The ASCII system uses a 7-bit representation in which every byte's left-most bit is reserved. This allows for the character value range 0-127, many of which are control characters (for instance 0) not found in actual, regular text files.

Characters outside of the US-ASCII character set need to be specially encoded when they get into a plain text file. So if a plain text file has the German character 'ö' (o-Umlaut), the character would need to be encoded at the time of writing, and then decoded at the time of reading. Text-encoding schemes are of two varieties: some such as ISO-8859-1 extend the traditional ASCII set by using 8-bit representation; others such as the Unicode family use 2 or 4 bytes per character. As an example, 'ö' (o-Umlaut) uses 1 byte in ISO-8859-1 (decimal 246) but 2 bytes in UTF-8 (the first byte holding decimal 195; the second byte holding decimal 182).

chkascii treats valid ASCII values in a text file as the austere set:

{ 32-126 / 9 (horizontal tab) / 10 (line feed a.k.a. Unix newline) }

Anything else is considered junk, although the user can pass in additional ASCII values to treat as good.

chkascii additionally checks whether the file is EOL-terminated.
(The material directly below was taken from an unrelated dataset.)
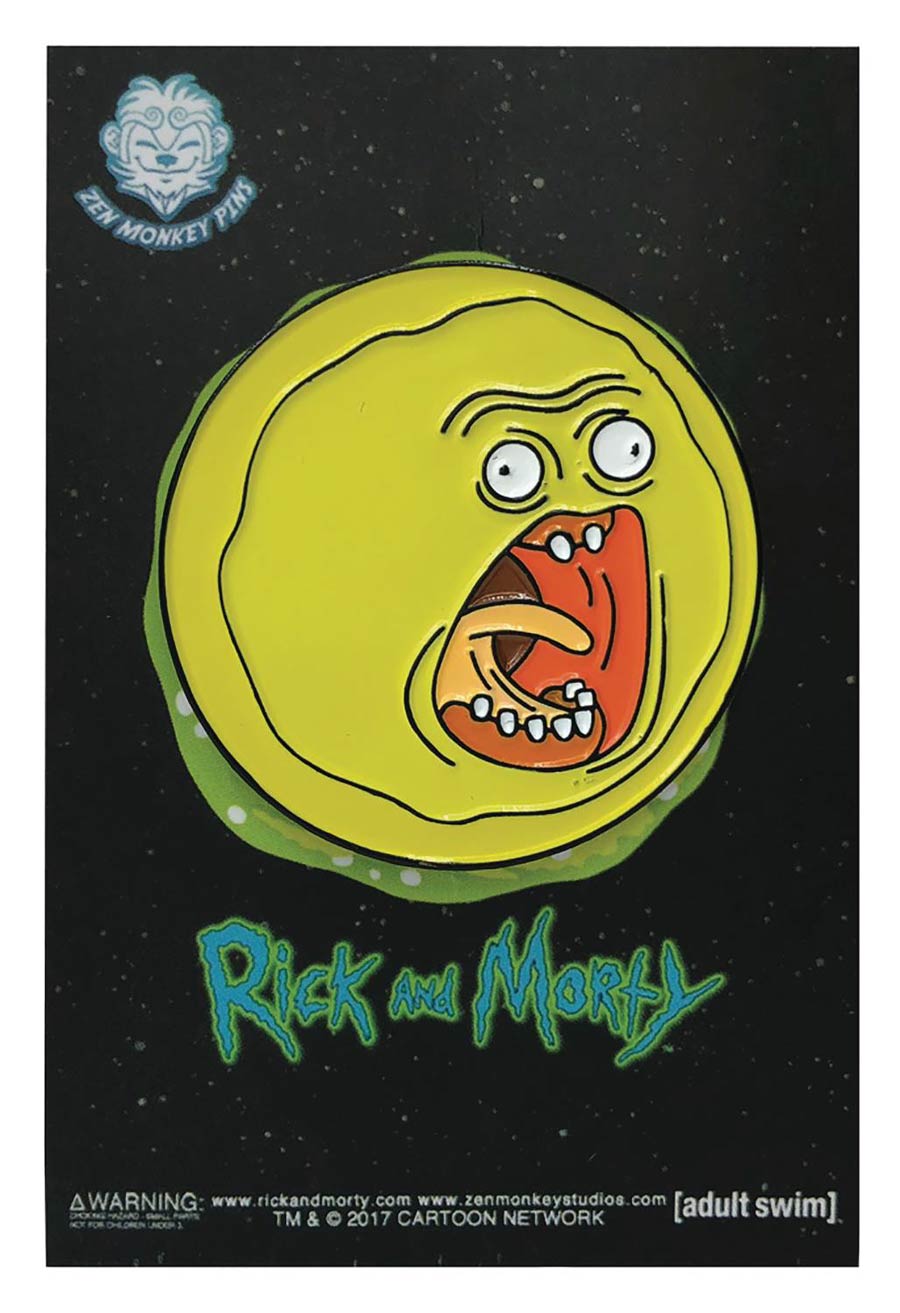 Rick And Morty Pin - Screaming Sun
If the file is neither empty nor terminated with ASCII 10, chkascii treats the condition as an error too.

The command below asks <file> to be checked as per the built-in scheme, stopping on the first bad ASCII character:

chkascii <file>

The command above uses a default maximum-junk (maxjunk) value of 1. If you pass in a maxjunk value of 0, the application treats the upper limit of reportable junk as infinite:

chkascii --maxjunk=0 <file>

--summary keeps chkascii going till EOF, whence a summary is printed.
(Implicitly uses '--maxjunk=0')

--quiet asks chkascii to suppress normal output.
(Implicitly uses '--maxjunk=1')

These options are mutually exclusive: --maxjunk | --summary | --quiet

--accept forces an ASCII value to be accepted as good. The command below asks ASCII values 13 (CR) and 11 (VT) to be treated as good:

chkascii --accept=13,11 <file>

-1 is returned for operational failure. Because the operating system might map return values to unsigned char, the shell could pick up 255.

If the file (contains all good ASCII values and is EOL-terminated) or else (is empty), 0 is returned.
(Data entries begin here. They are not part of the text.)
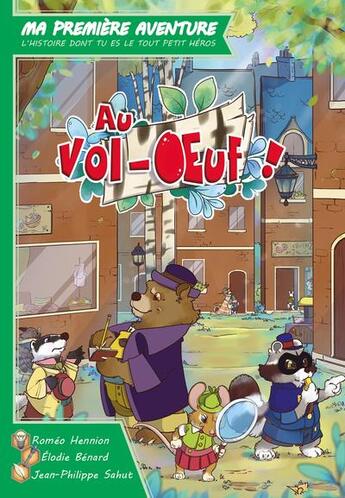 Couverture du livre « Au vol-oeuf ! » de Jean-Philippe Sahut et Elodie Benard aux éditions Game Flow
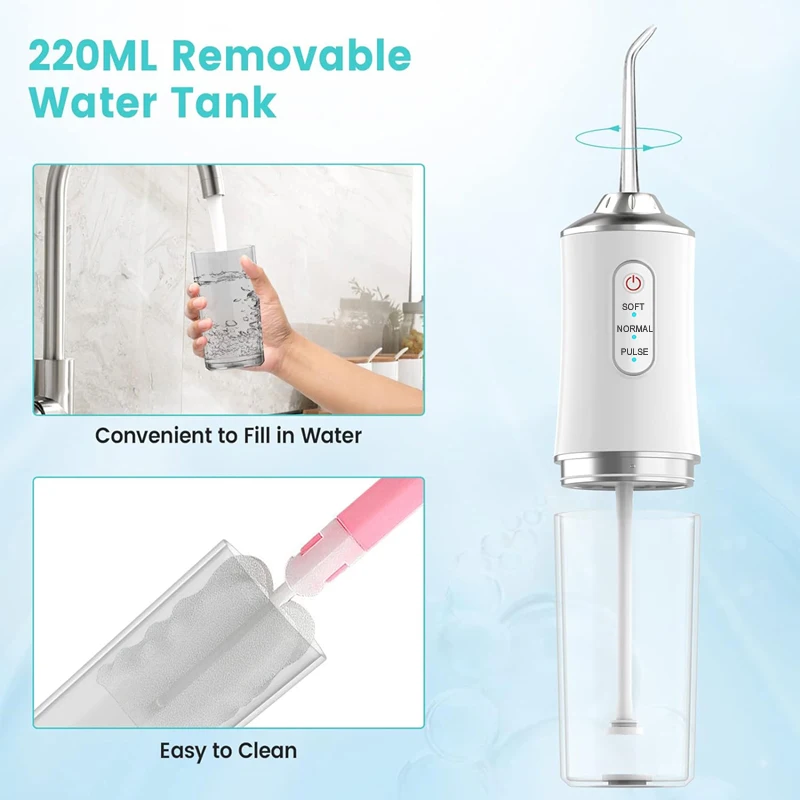 2026 口腔洗浄器ポータブル歯科用ウォーターフロッサー U - Dental Floss Picks のレビューと価格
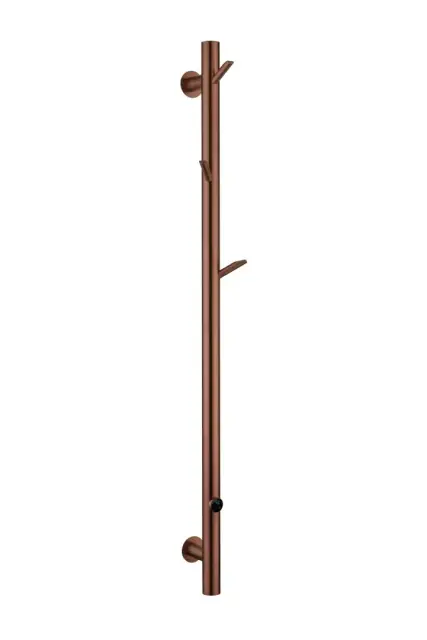 Boheme Oak Полотенцесушитель электрический 24x150h см, подключение снизу, цвет: copper brushed 724-50-CB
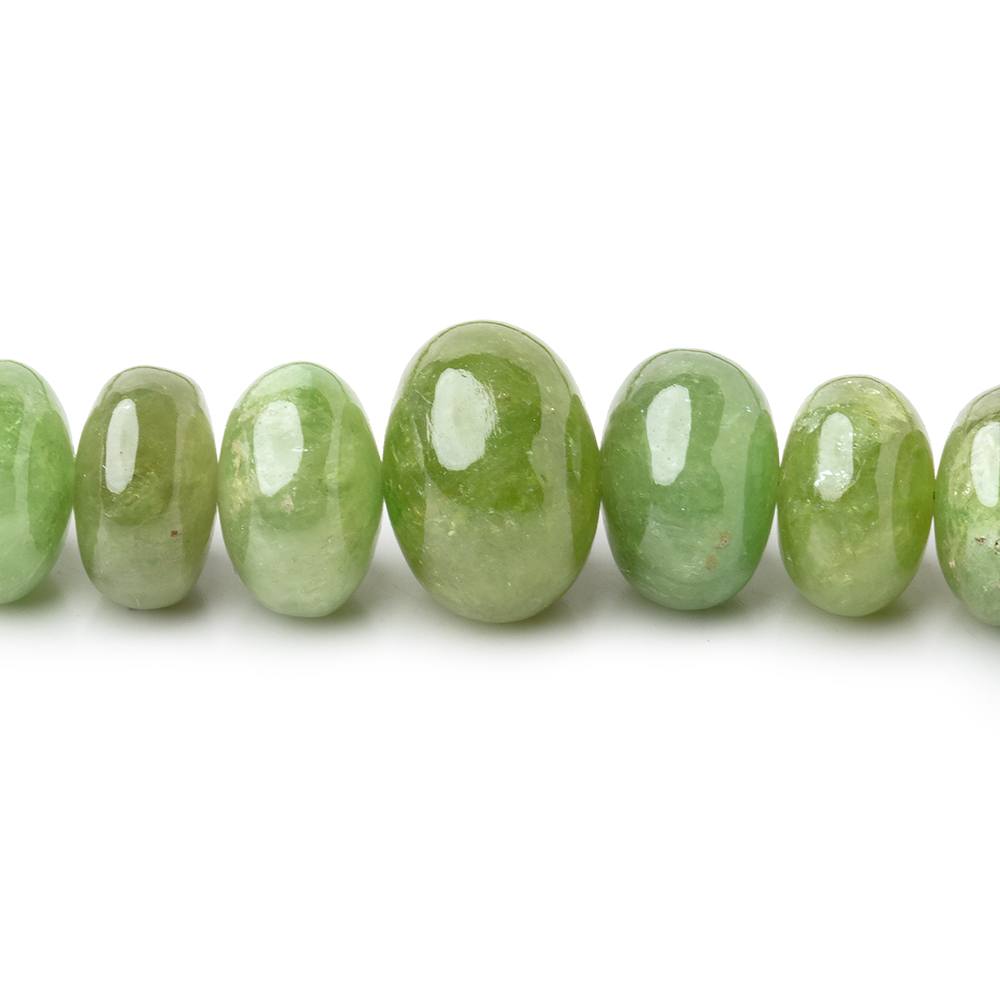 6-12mm Tsavorite Garnet Plain Rondelle Beads 18 inch 99 pieces AA (ONLINE ORDER ONLY)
All other cases are treated as errors, and a byte (initially 8 off-bits) is adjusted at the ends (as explained underneath) and returned.

If the file has junk, the rightmost bit of the byte (equivalent to 1) is turned on.
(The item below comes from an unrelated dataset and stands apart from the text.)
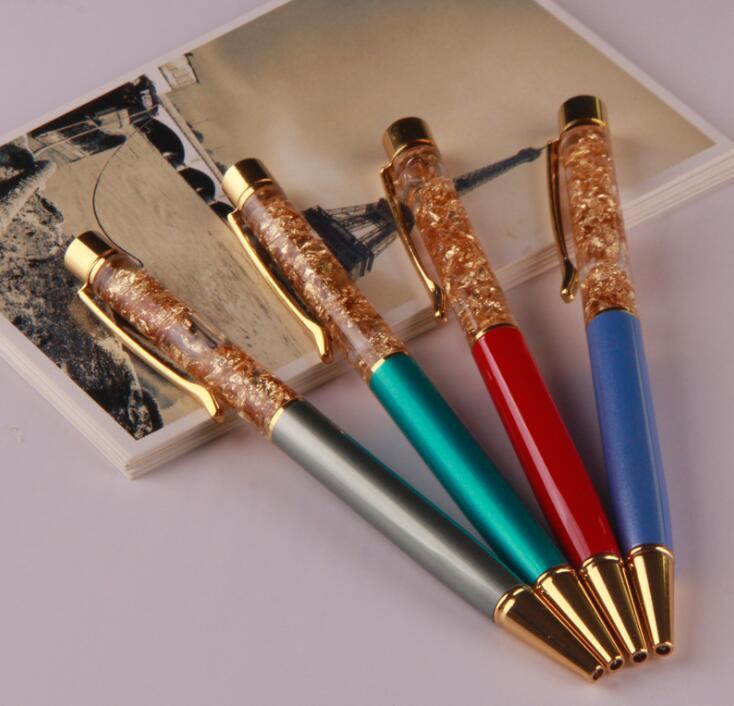Promotional Gift Metal Twist Ball Pen with Crystal Decoration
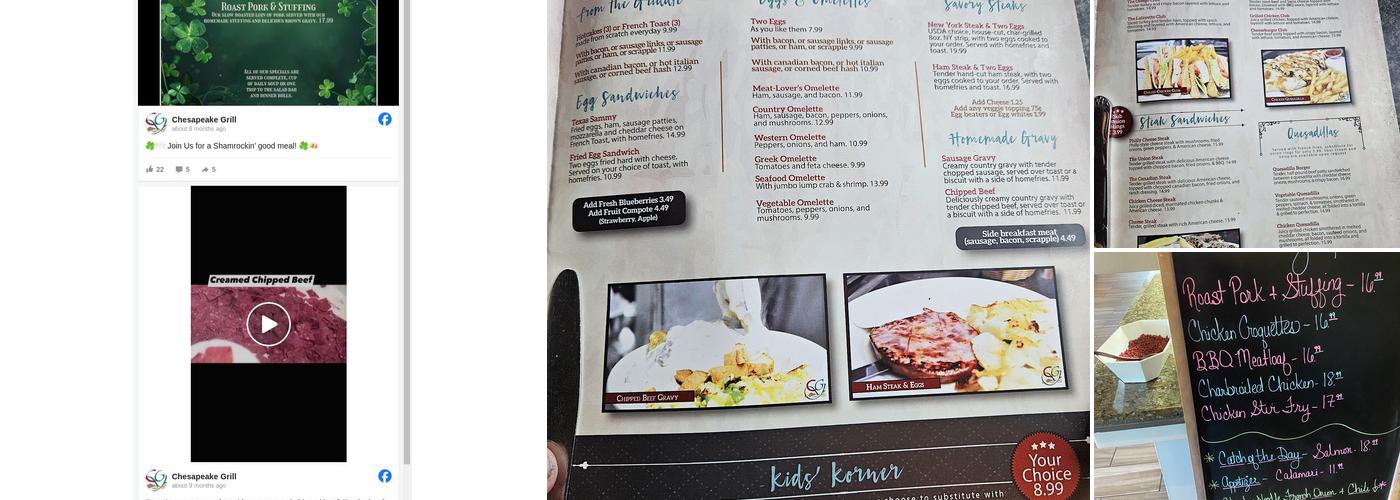 Chesapeake Grill Menu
If the file is not EOL-terminated, the left-most bit of the byte (equivalent to 128) is turned on.

`man 7 ascii` and xascii(1) are the standard tools for printing the table of ASCII values and symbols.

vim(1) has the Normal command ga which displays the ASCII value of the character under the cursor.

od(1) can be used to print the (decimal) ASCII values in a file:

od -t u1 <file>

The Ctrl+Q subcommand of hexedit(1) can be used to insert (hexadecimal) ASCII half-chars (0 through f).

Besides many editors, unix2dos(1) and flip(1) can convert text files between Unix (LF) and DOS (CRLF) line-endings.

chkascii does not read standard input.

If you pass in multiple files, the first path is taken as the argument.
(Other paths are silently ignored)

Optional arguments can be specified a maximum of once.